The deal will become final “in the coming months, when the national government completes the [sale] of CaribeMar,” according to EPM.

The national government has already assumed pension liabilities for retired and retiring employees of the former Electricaribe utility.  But EPM and (separately) Costa Energy Consortium — which won a separate bid for the “CaribeSol” division of Electricaribe — now will have to assume other liabilities, along with existing Electricaribe assets.

According to Colombia’s “Superservicios” (Superintendence of Public Utility Services) agency, EPM is expected to invest COP$5 trillion (US$1.2 billion) over the next 10 years to restore and upgrade faltering infrastructure left by an essentially bankrupt Electricaribe.

“During Electricaribe’s intervention we have secured the resources for the continuity of the service, as is our constitutional obligation through the Business Fund,” Superservicios Superintendent Natasha Avendaño García stated.

The new operators of the former Electricaribe “will assume the investment and loss reduction plans aimed at improving networks, stations and substations and infrastructure in general, as well as the technification of [supply and demand] measurement systems,” she added.

Meanwhile, EPM general manager Álvaro Guillermo Rendón López stated that EPM is “committed to growth with sustainability in the energy commercialization and distribution market.”

“After the awarding of CaribeMar this Friday [March 20], the national government must close the financial transaction for the purchase of 100% of the shares, establish the new company and prepare and deliver the assets and liabilities included,” according to EPM.

“Meanwhile, the energy service will continue to be provided as it is today by the national government.

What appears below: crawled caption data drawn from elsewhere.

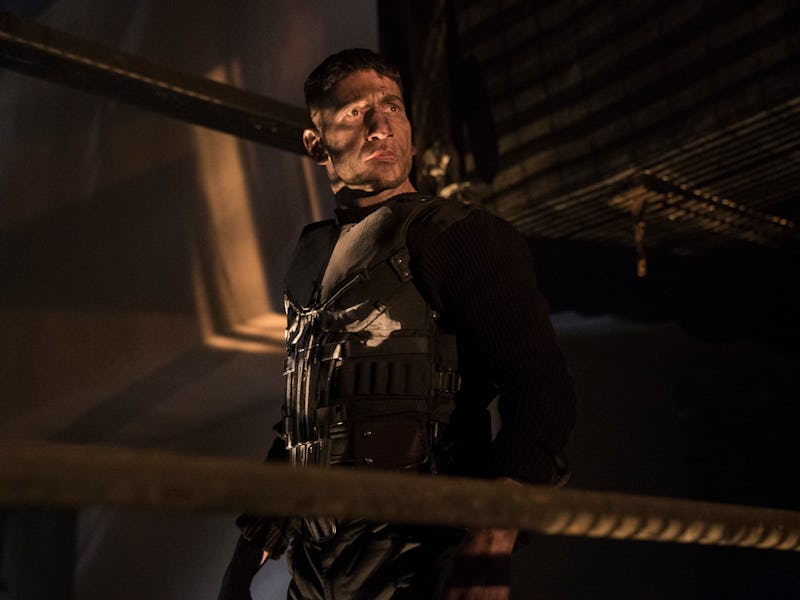 Jon Bernthal as Frank Castle in Netflix's The Punisher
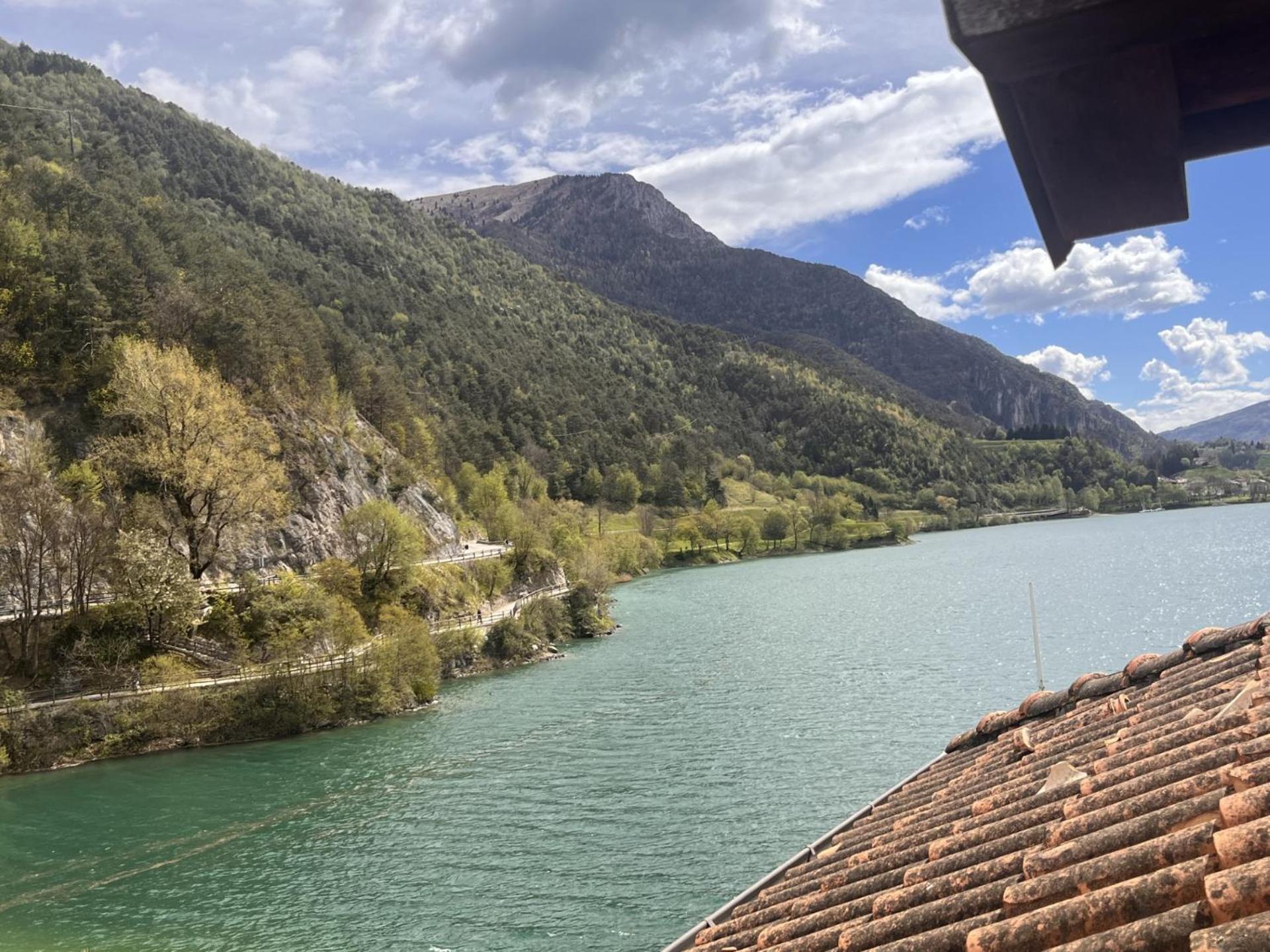 Hotel Lido Pieve Di Ledro Buitenkant foto
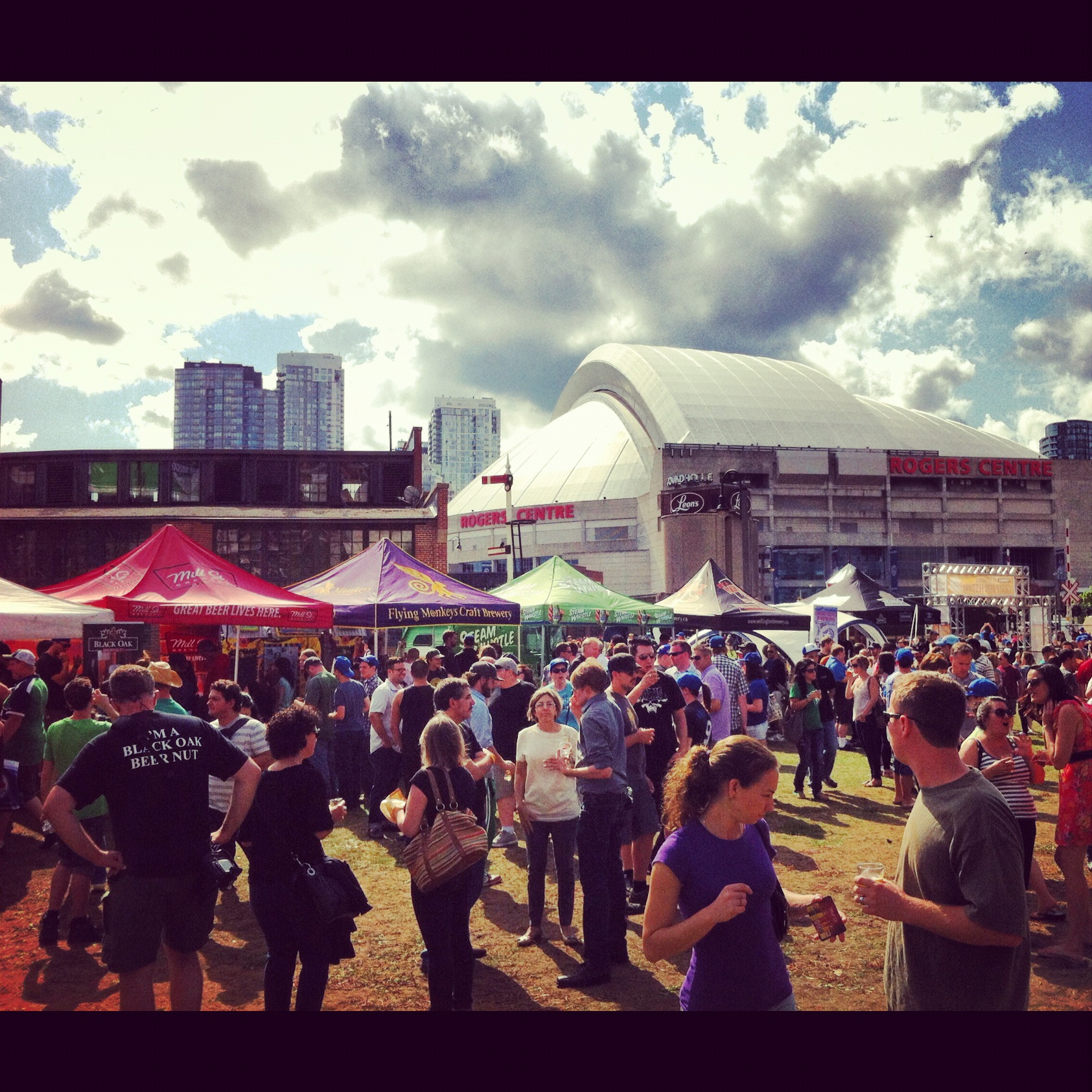 Roundhouse Craft Beer Festival Toronto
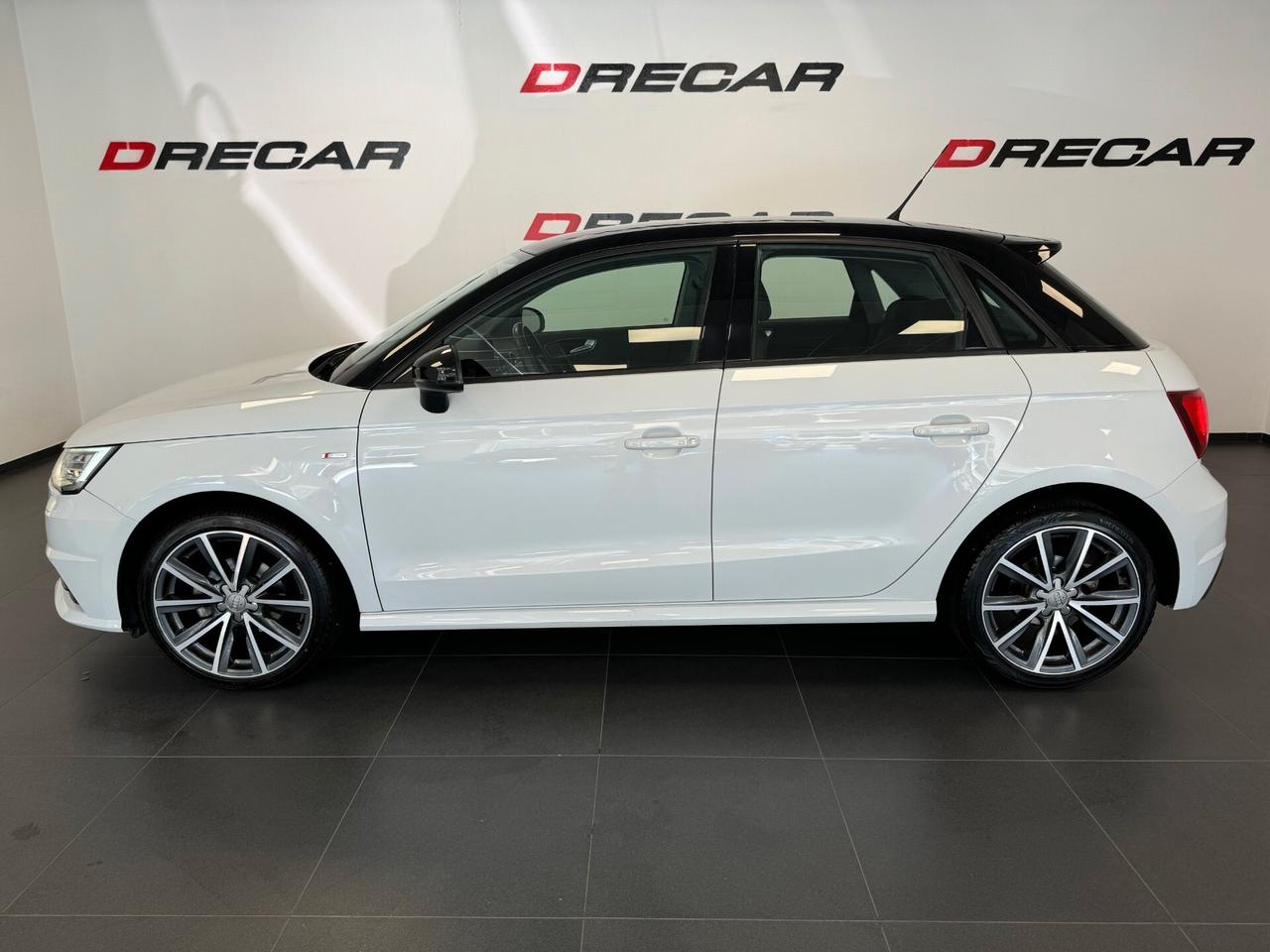 Audi A1 SPB 1.4 TDI Sport Ultra S LINE UNIPROP.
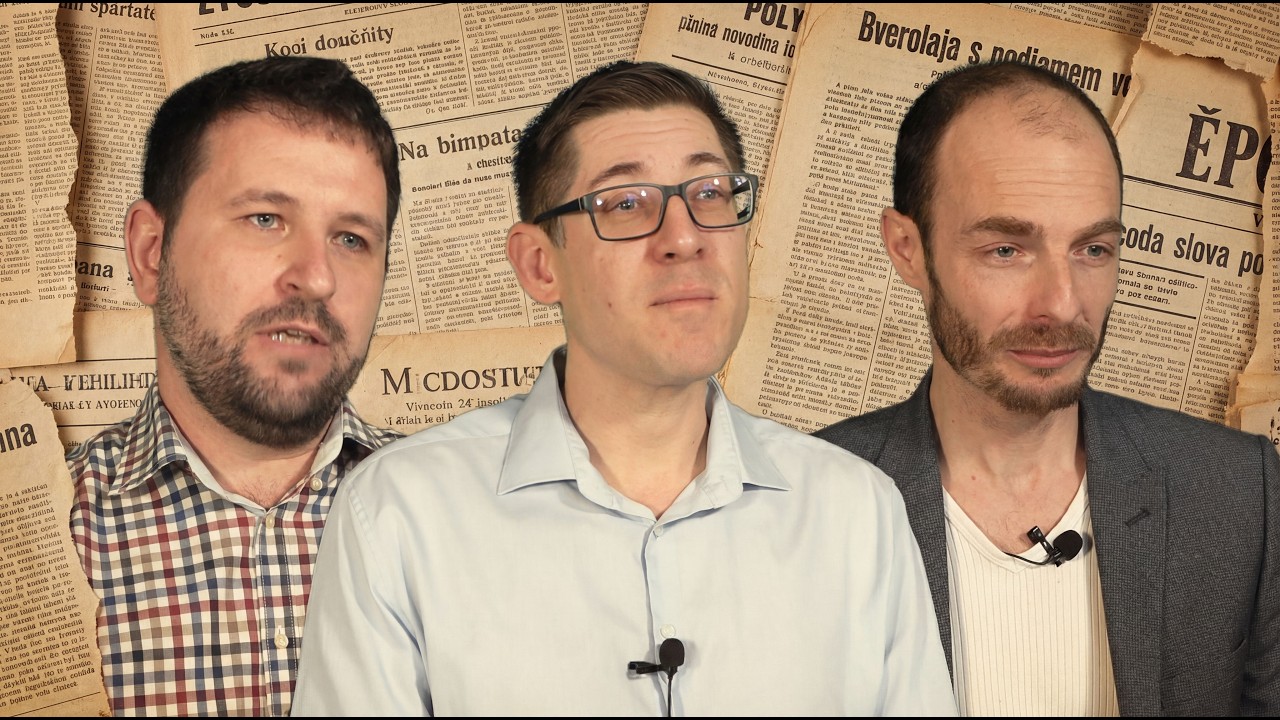 Vypnutí ze dne na den: Příběh redakce Epoch Times.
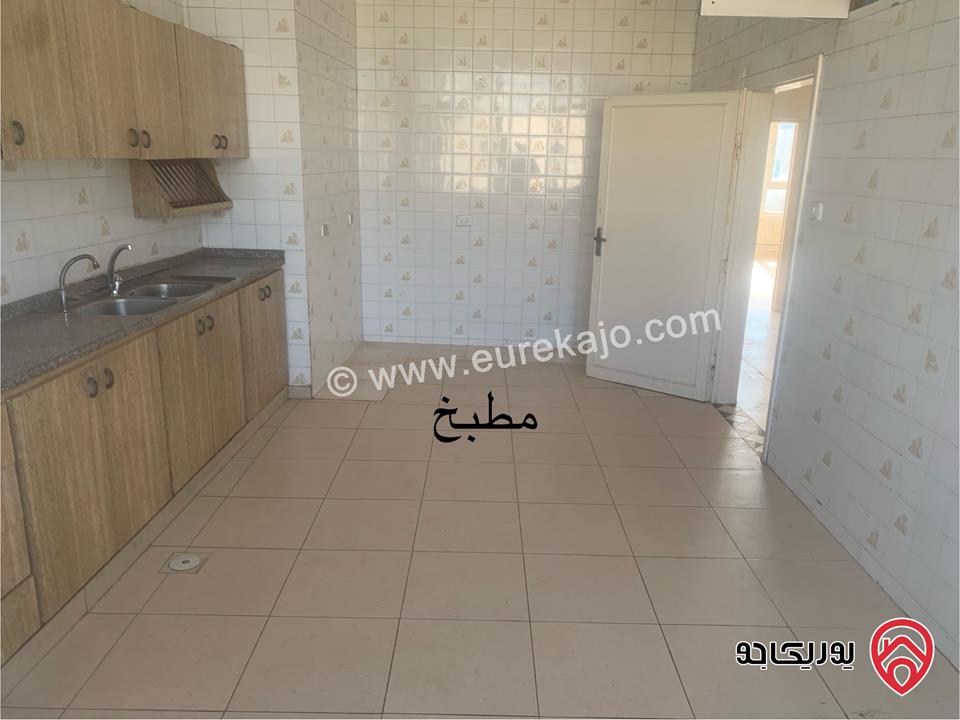 شقة مساحة 190م طابق رابع للايجار في عمان - مرج الحمام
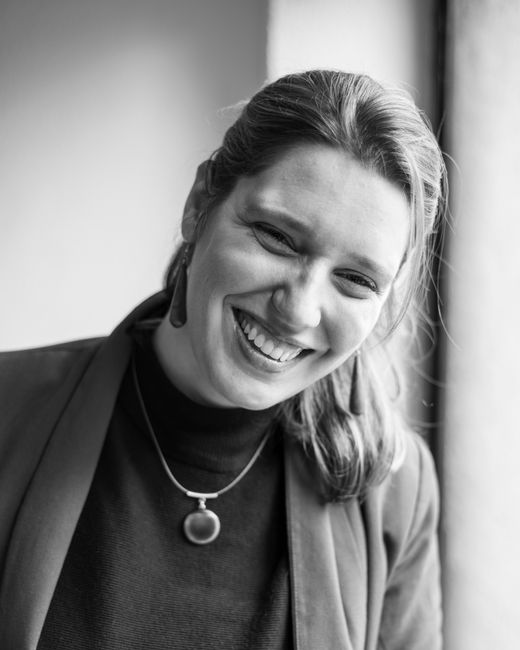 Lucie Buée, consultant·e Careta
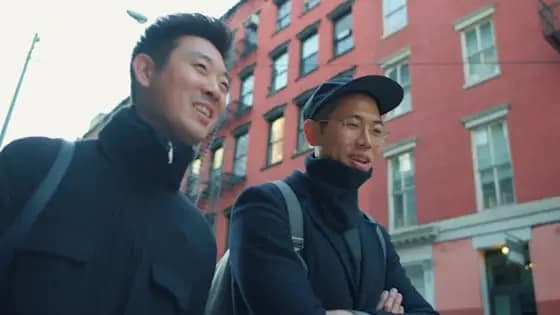 Tim and Dan Joo, Co-Founders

It is important to remember that Electricaribe is a company intervened by the Superintendency of Public Services and in possession for liquidation purposes,” the company added.

EPM officers and executives “accompanied by an investment bank and external advisers, carefully studied and analyzed the viability and opportunity of the [CaribeMar] operation, always thinking of the company’s sustainability, in a business that will include investments of around COP$4 trillion [US$970 million] in the next five years,” according to EPM.

Electricaribe effectively went into bankruptcy following years of failing to recoup its heavy operating expenses, leading to frequent service instabilities — largely the result of a decades-long culture of massive power theft in coastal cities, mainly in low-income neighborhoods.

Cleverly, EPM in recent decades pioneered the development and installation of a novel pay-as-you-go metering system – praised by power experts around the world – which enables low-income customers to buy subsidized “power cards” at neighborhood stores, letting them only buy the power they actually need rather than wasting “free” power via illegal connections — connections that inevitably would destroy the ability of EPM (or any utility) to recoup investments in adequate generation and distribution infrastructure.